REQUIREMENT
The data must be returned in full and exactly as given.

RAW DATA
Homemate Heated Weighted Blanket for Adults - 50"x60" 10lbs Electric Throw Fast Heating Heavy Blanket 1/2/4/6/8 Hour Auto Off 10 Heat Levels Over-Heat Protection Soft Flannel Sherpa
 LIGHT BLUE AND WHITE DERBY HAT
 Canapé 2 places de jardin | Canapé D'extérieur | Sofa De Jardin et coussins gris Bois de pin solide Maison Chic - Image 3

YOUR RESPONSE
Homemate Heated Weighted Blanket for Adults - 50"x60" 10lbs Electric Throw Fast Heating Heavy Blanket 1/2/4/6/8 Hour Auto Off 10 Heat Levels Over-Heat Protection Soft Flannel Sherpa
 LIGHT BLUE AND WHITE DERBY HAT
 Canapé 2 places de jardin | Canapé D'extérieur | Sofa De Jardin et coussins gris Bois de pin solide Maison Chic - Image 3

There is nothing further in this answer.